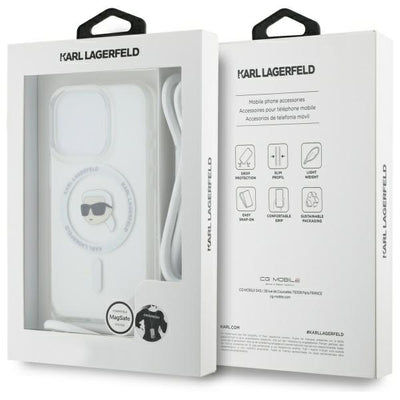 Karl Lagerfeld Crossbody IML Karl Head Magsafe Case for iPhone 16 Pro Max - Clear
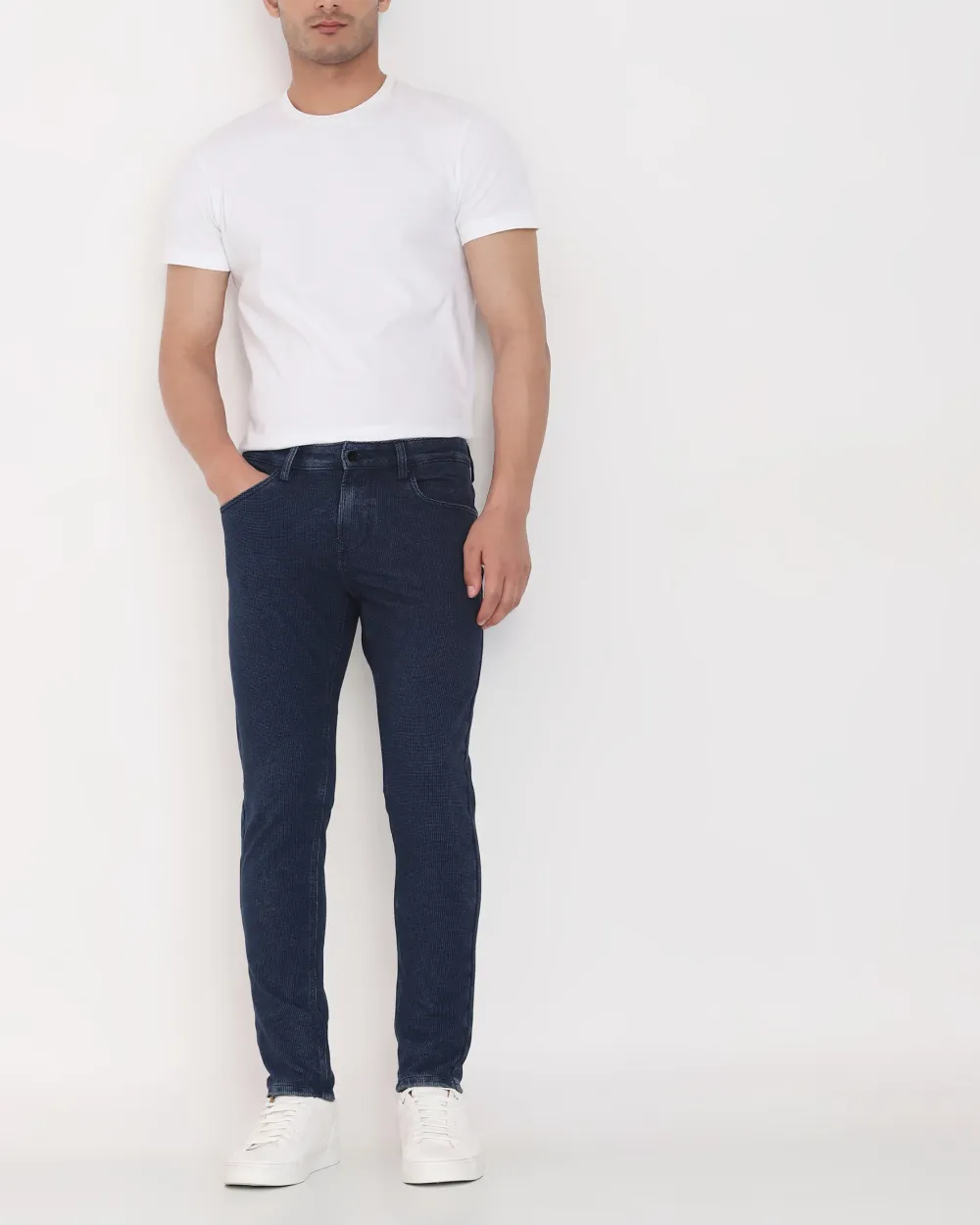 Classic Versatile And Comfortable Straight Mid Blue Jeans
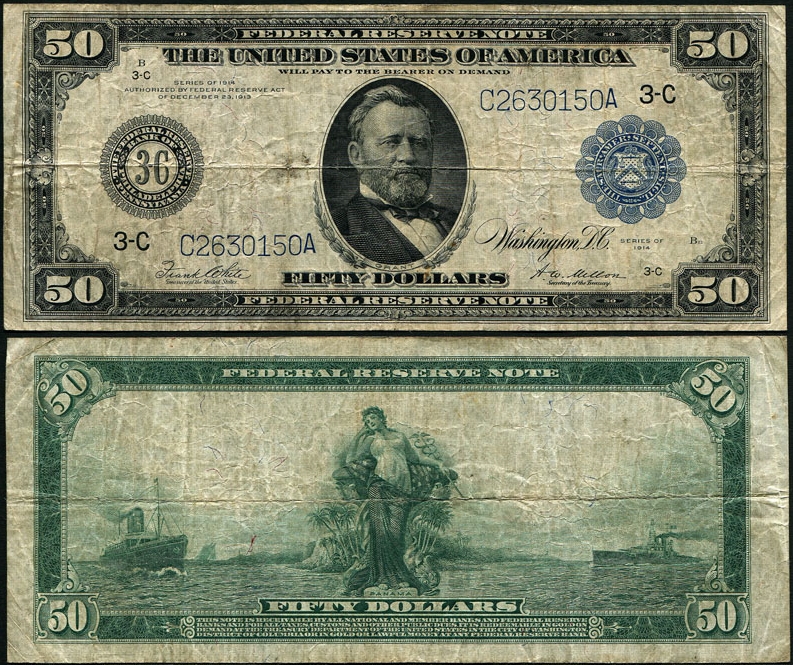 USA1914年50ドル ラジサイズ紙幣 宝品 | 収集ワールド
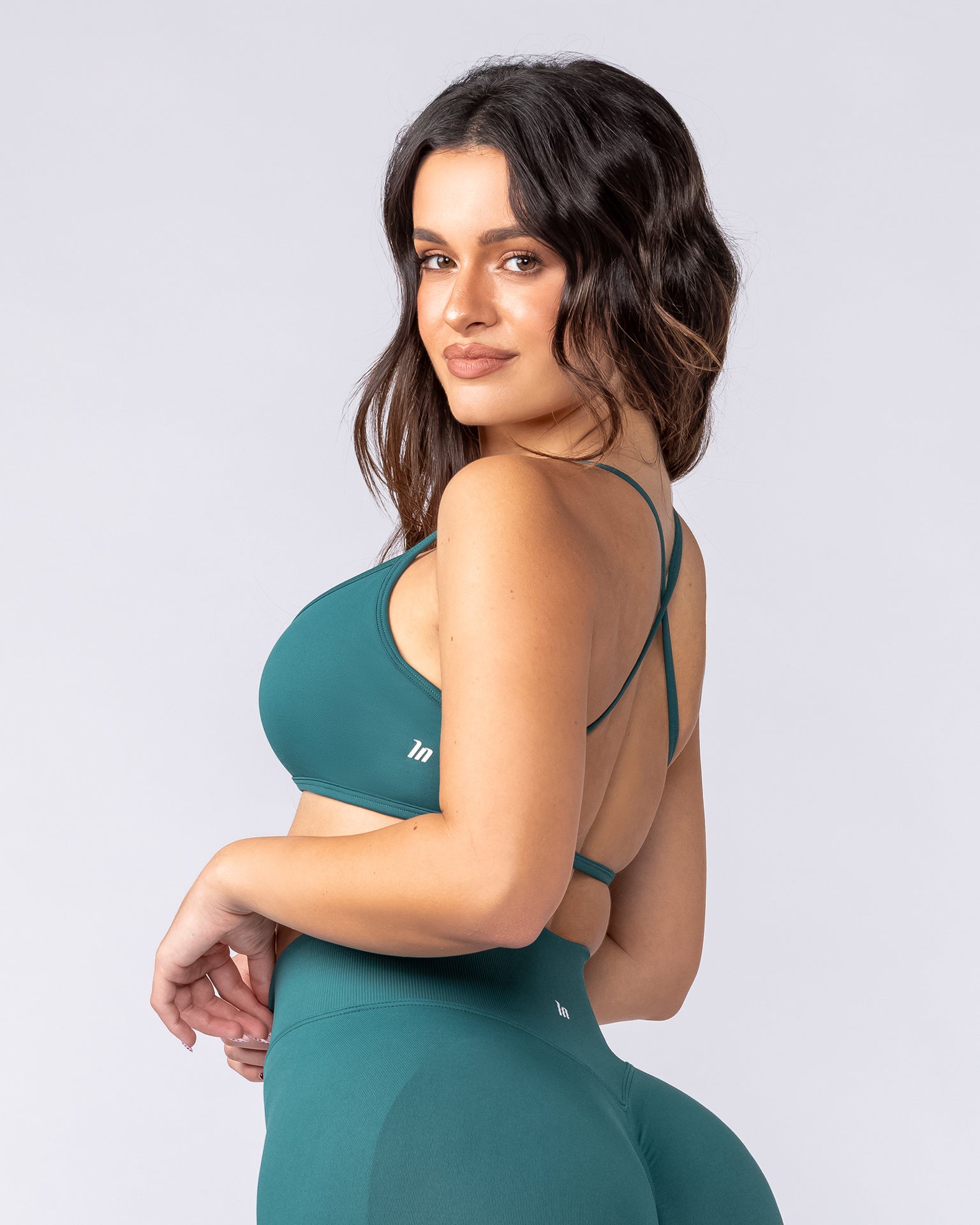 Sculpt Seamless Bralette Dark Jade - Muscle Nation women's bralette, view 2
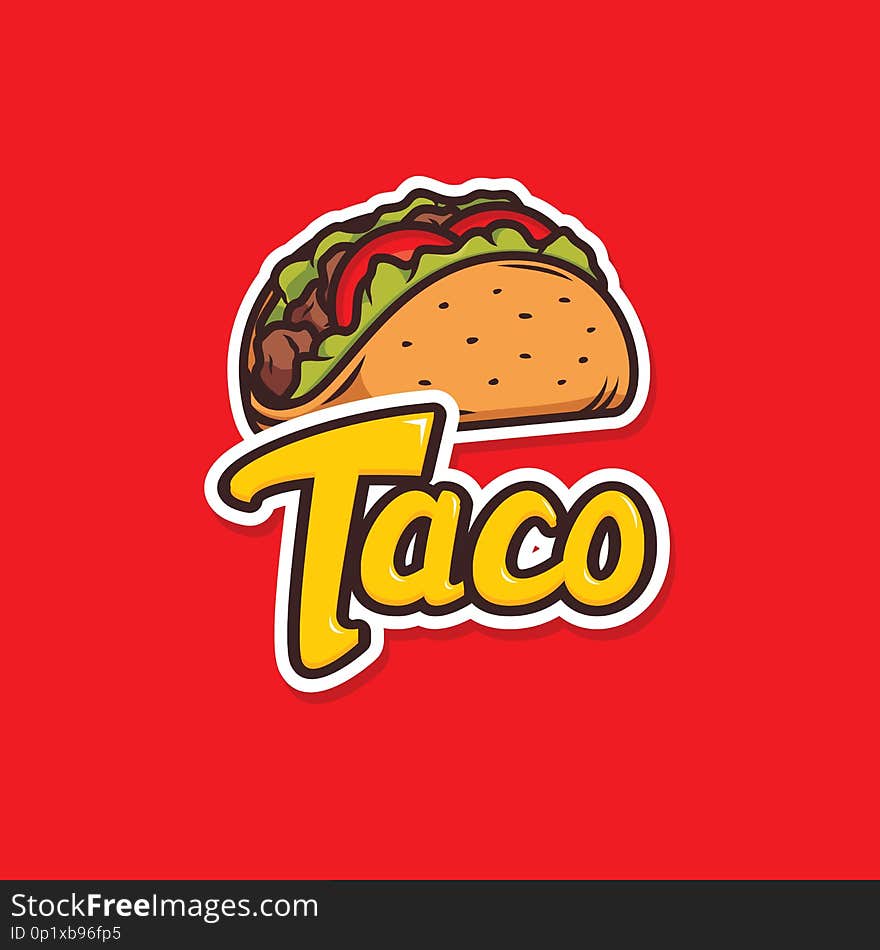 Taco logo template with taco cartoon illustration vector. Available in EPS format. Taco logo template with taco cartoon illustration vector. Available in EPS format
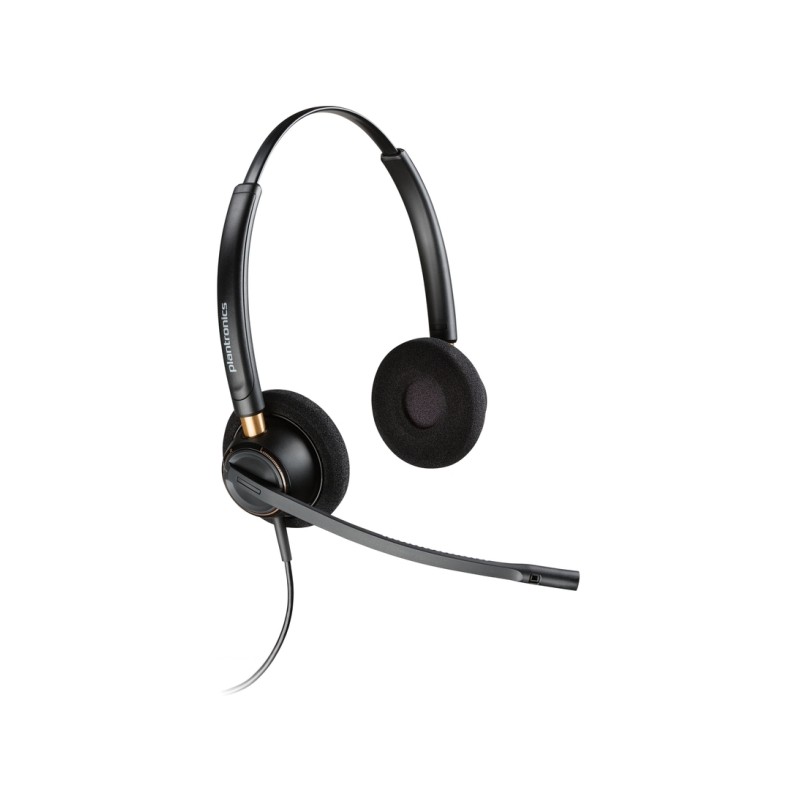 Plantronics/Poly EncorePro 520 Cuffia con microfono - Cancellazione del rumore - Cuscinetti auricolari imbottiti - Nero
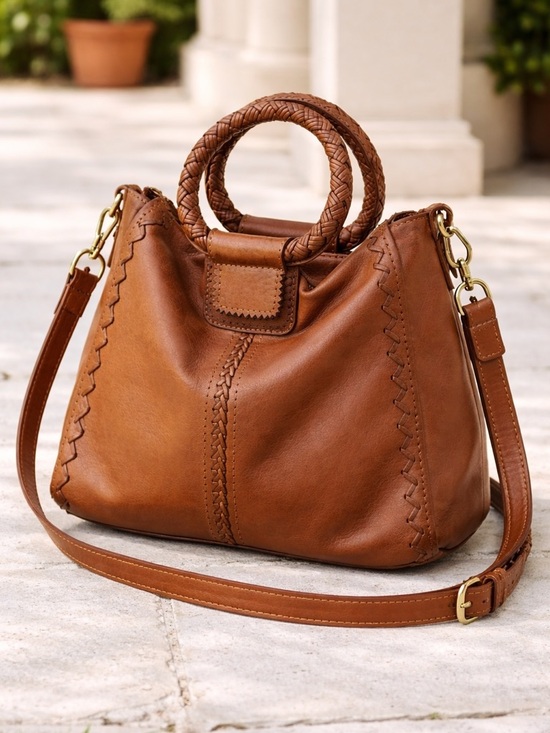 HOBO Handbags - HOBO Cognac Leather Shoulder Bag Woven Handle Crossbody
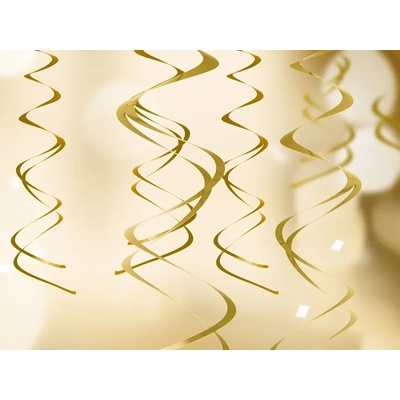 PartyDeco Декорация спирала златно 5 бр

▬▬▬▬▬▬▬▬▬▬

■ YOUR ASSIGNMENT: Could you please write out the entries exactly as they are, with every picture left out?

■ SOLUTION BELOW:
 Karl Lagerfeld Crossbody IML Karl Head Magsafe Case for iPhone 16 Pro Max - Clear
 Classic Versatile And Comfortable Straight Mid Blue Jeans
 USA1914年50ドル ラジサイズ紙幣 宝品 | 収集ワールド
 Sculpt Seamless Bralette Dark Jade - Muscle Nation women's bralette, view 2
 Taco logo template with taco cartoon illustration vector. Available in EPS format. Taco logo template with taco cartoon illustration vector. Available in EPS format
 Plantronics/Poly EncorePro 520 Cuffia con microfono - Cancellazione del rumore - Cuscinetti auricolari imbottiti - Nero
 HOBO Handbags - HOBO Cognac Leather Shoulder Bag Woven Handle Crossbody
 PartyDeco Декорация спирала златно 5 бр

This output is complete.